SYDNEY (AFP) - Australian Prime Minister Julia Gillard began the hard sell of Labor's lean election year budget on Wednesday, insisting it was in the nation's interest and offered enough to see her secure another term.
Delivering the final budget before polls on Sept 14, Labor emphasised big-ticket reforms to education and disability care while stating tough choices were necessary in the face of plunging revenues.
"What you've got to do is make some choices, making room for the big investments, the wise investments that our nation needs, including education," Ms Gillard told Sky News.
She again pointed to the "big hit" suffered by the Australian economy in the face of a high dollar which saw Labor abandon its promise to produce a surplus this year, instead pushing it back to 2016/17.
"The big hit has been from the revenue writedown," she said.
"Any prime minister sitting in this chair would have to deal with that."
With less than four months until national elections and Labor badly lagging the conservative opposition in opinion polls, Ms Gillard said the budget was a responsible one that she hoped the electorate would embrace.
"Voters will make their decision on September 14. This budget is right for the nation," said the prime minister who later wept in parliament as she introduced a levy to pay for disability reforms.
The budget revealed an A$18 billion (S$22.3 billion) deficit for 2013/14 with Labor launching a A$43 billion savings drive over five years to help fund initiatives in education, disability and infrastructure.

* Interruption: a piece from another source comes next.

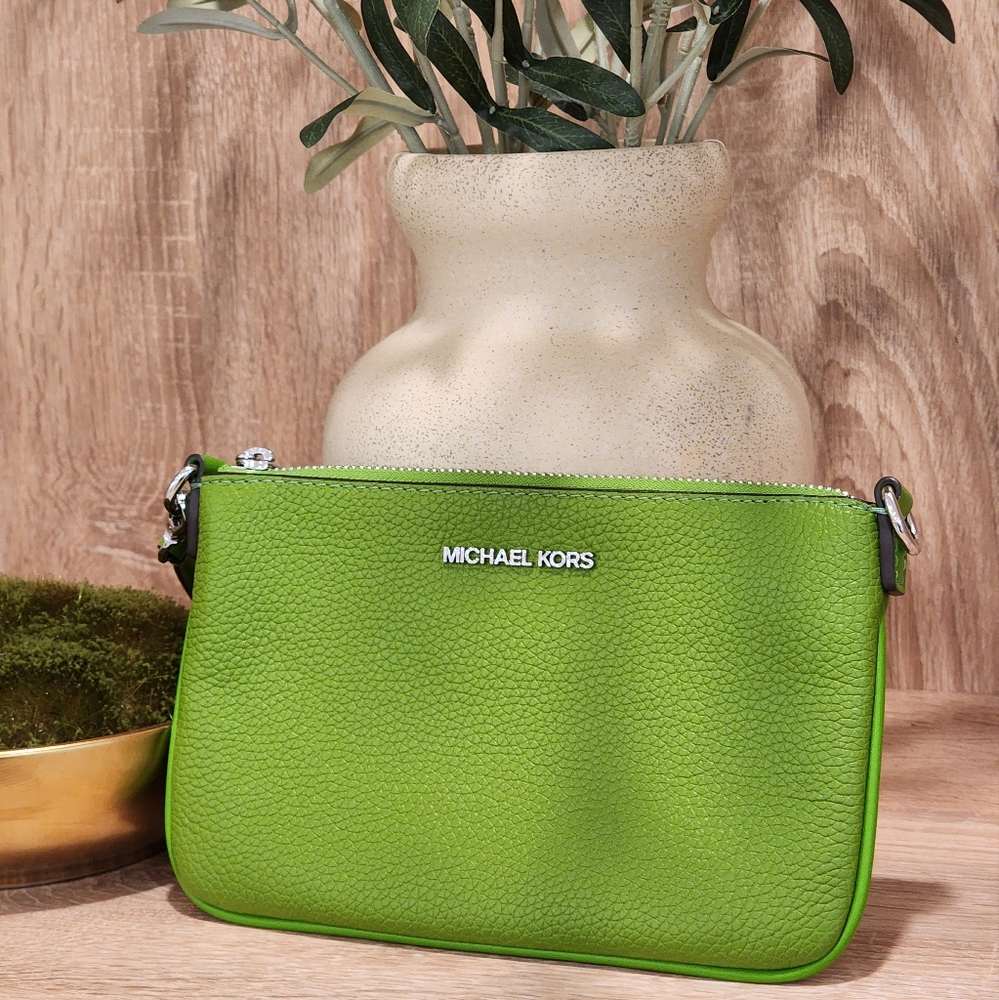 Michael Michael Kors Green Jet Set Small Pebbled Leather Women's Wristlet - Picture 5 of 10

Australian media generally welcomed the budget with the Sydney Morning Herald saying: "Treasurer has resisted the temptation to buy votes."
"Wayne Swan has delivered a face-saving, legacy-building budget that makes hard decisions to fund Labor's visions and goes a long way towards improving government finances over the medium term," it said in an editorial.
But Mr Rupert Murdoch's The Australian bemoaned that "yet again, Wayne Swan is spending more than he receives".
It said Mr Swan had provided "a plausible sales pitch to voters" but added that "given Mr Swan's failure to meet his own forecasts in the past, his predictions in this year's figures deserve tough scrutiny and a degree of scepticism".
The major hit in revenues due to the high dollar and a fall in commodity prices saw the government slash growth forecasts for 2013/14 from 3.0 percent to 2.75 percent.
National Australia Bank chief economist Alan Oster said it was: "In short, a budget that is more in line with a 'soft economy' - even if the government doesn't describe it as such."